> [TASK TO CARRY OUT]:
Pictures are to be left out, but please repeat each record exactly.

> [GIVEN INFORMATION]:
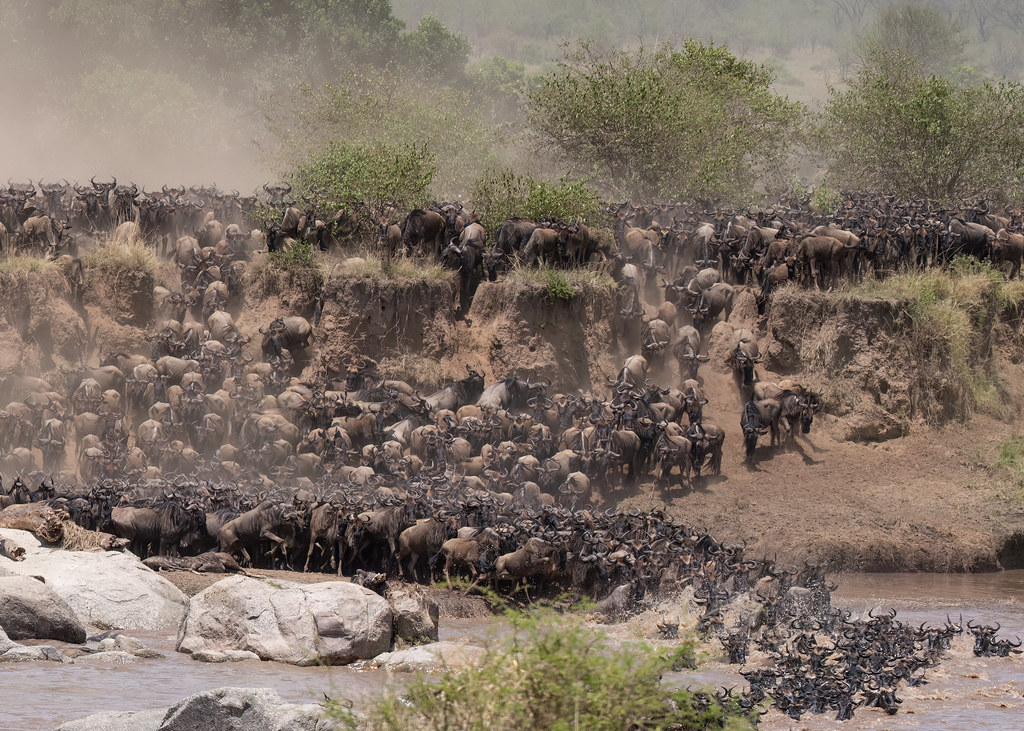 Best Time to Witness the Great Wildebeest Migration in Tanzania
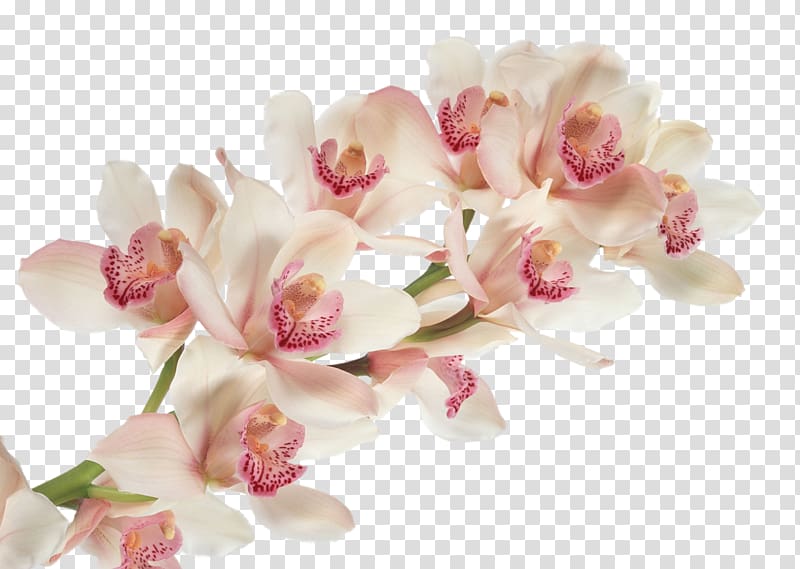 white and pink petaled flowers, Cattleya trianae Dancing-lady Orchid Flower Moth orchids Desktop , orchid transparent background PNG clipart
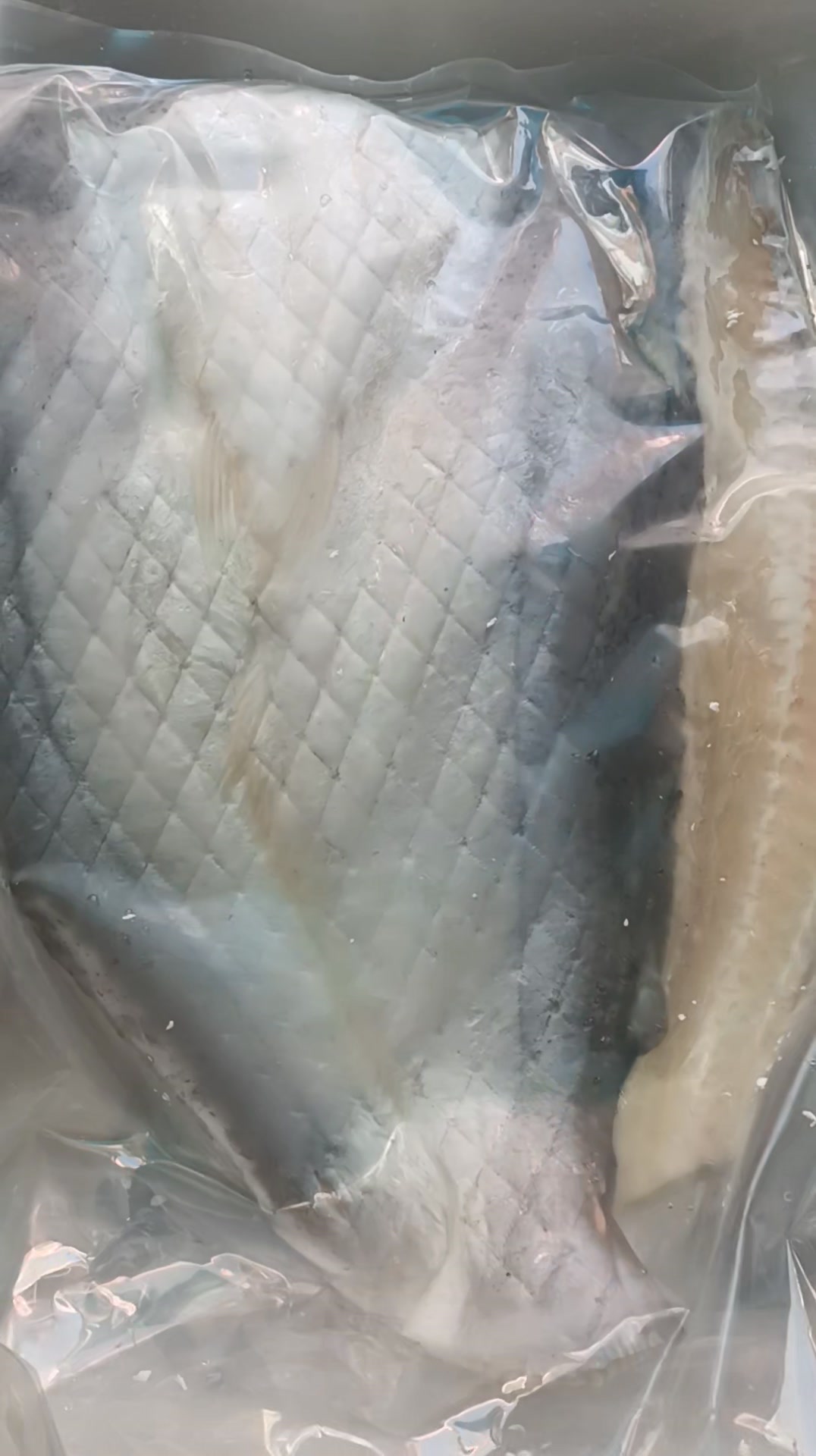 [🆕🇻🇳] Đặc Sản Vùng Quê – Thực phẩm & Đồ uống 🍔 Top1Food  🍜 Dứa biển xịn 1N hàng bao trắng đẹp, dùng làm quà tặng biếu dùng vip ạ
Zalo sỉ 0908299155 giá tốt nhất
 , shares-0✔️ , likes-4❤️️ , date-2024-12-23 20:18:25🇻🇳🇻🇳🇻🇳📰🆕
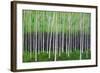 Deep Forest-Herb Dickinson-Framed Photographic Print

> [RESULT FOR THIS TASK]:
 Best Time to Witness the Great Wildebeest Migration in Tanzania
 white and pink petaled flowers, Cattleya trianae Dancing-lady Orchid Flower Moth orchids Desktop , orchid transparent background PNG clipart
 [🆕🇻🇳] Đặc Sản Vùng Quê – Thực phẩm & Đồ uống 🍔 Top1Food  🍜 Dứa biển xịn 1N hàng bao trắng đẹp, dùng làm quà tặng biếu dùng vip ạ
Zalo sỉ 0908299155 giá tốt nhất
 , shares-0✔️ , likes-4❤️️ , date-2024-12-23 20:18:25🇻🇳🇻🇳🇻🇳📰🆕
 Deep Forest-Herb Dickinson-Framed Photographic Print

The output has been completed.